Kenya's President Uhuru Kenyatta (R) addresses a news conference next to his deputy William Ruto at State House in Nairobi July 21, 2015 to provide an update on U.S. President Barack Obama's scheduled visit later this week.

 

There are those who imagine the future. And then there are those who create it – those who transform our societies so completely that we forget there ever existed another way.

This weekend, it is our privilege to host many of them. The world’s foremost thought leaders, business development experts, and emerging and established entrepreneurs and innovators, will meet in Nairobi for the sixth annual Global Entrepreneurship Summit (GES).

On the agenda will be possibility. It is only fitting, then, that this year’s summit is hosted by Kenya; a country that epitomises the transformational power of possibility.

Our country, once known for its savannah, has now earned an international reputation as the Silicon Savannah. A country where the vibrancy of the economy is matched only by the verve of our youth, and where ground-breaking refers not just to some of the most important infrastructural projects in Africa, but also to our trail-blazing mobile money transfer technology.

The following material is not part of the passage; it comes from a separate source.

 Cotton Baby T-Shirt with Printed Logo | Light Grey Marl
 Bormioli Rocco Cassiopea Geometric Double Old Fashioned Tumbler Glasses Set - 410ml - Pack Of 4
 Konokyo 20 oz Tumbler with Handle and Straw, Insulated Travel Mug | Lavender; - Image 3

The choice of Kenya for this honour is a sign too, of the growth of a continent on the rise. We are a hub for investment, commerce, trade and tourism, yes, but we are an African hub, and our possibilities are matched by our region’s promise.

Equally, we all know that it is our young people, and their energy and innovation, as well as their culture of entrepreneurship, who are best able to turn promise into prosperity. We know, too, that talent and intelligence are widely spread, but that opportunity is not. That’s why we have invested so much in our youth: we know that if we unleash their talent, then their energy will lift us all.

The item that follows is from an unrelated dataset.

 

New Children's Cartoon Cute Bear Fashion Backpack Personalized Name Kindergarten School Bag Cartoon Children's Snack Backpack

That’s the potency of entrepreneurship: its ability to elevate people’s lives in a way that honours their dignity. The founders and leaders of GES, many of them American, understand this too. That is why they founded it five years ago. That is why they have taken the time to visit us.

In visiting us this weekend, they recognise the promise of Kenya, but also of the continent. Africa’s story is one of renewal and renaissance, not, as some would have it, of despair. Time and again, we’ve proved our detractors wrong: half a century ago, few gave us much chance of escaping the bondage of empire. And yet, here we are, free to chart our own course. What we have done in the past, we can do again. Our fathers won the political freedom of the continent. In this generation, we must win total economic freedom for our countries and peoples. The summit is a most substantial step on that journey.

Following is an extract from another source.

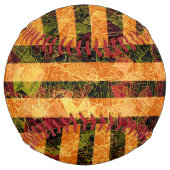 奇妙なオレンジストライプ色の四角とスクラッチ ソフトボール (正面)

Freedom does not, of course, preclude co-operation with friends and partners. Among the most important of these is the United States. Even before independence, we enjoyed close ties. Down the years, those ties have only strengthened – and, as the example, of President Obama shows, many are ties not just of friendship, but also of family.

Like us, America has remained true to the path of democracy. Like us, solidarity has been their watchword. One of the great examples of that solidarity is the work of the great jurist, Thurgood Marshall, who came to us at the end of the colonial era, and helped us draft the constitution under which we won our independence.

Another is the great airlift of men and women from Kenya, and other African countries, to the United States, where they learned much, before returning to give their all to the building of a new, free Africa.

Some of this country’s most distinguished sons and daughters were educated in this way, and from Wangari Maathai to Philip Ochieng’, they remained prominent in the life of the nation for decades after their return.

One of those who learned much in the United States was Barack Obama Senior, a man of many gifts who returned to serve his country in the years after his education. His son, the President, will close a circle by returning to his father’s homeland today. I need not ask Kenyans to welcome him, and all our visitors, from far and wide, as warmly as we can.

But let me close with a message to our visitors. Welcome to Kenya. Welcome to possibility. Karibuni!

Uhuru Kenyatta is the President of the Republic of Kenya.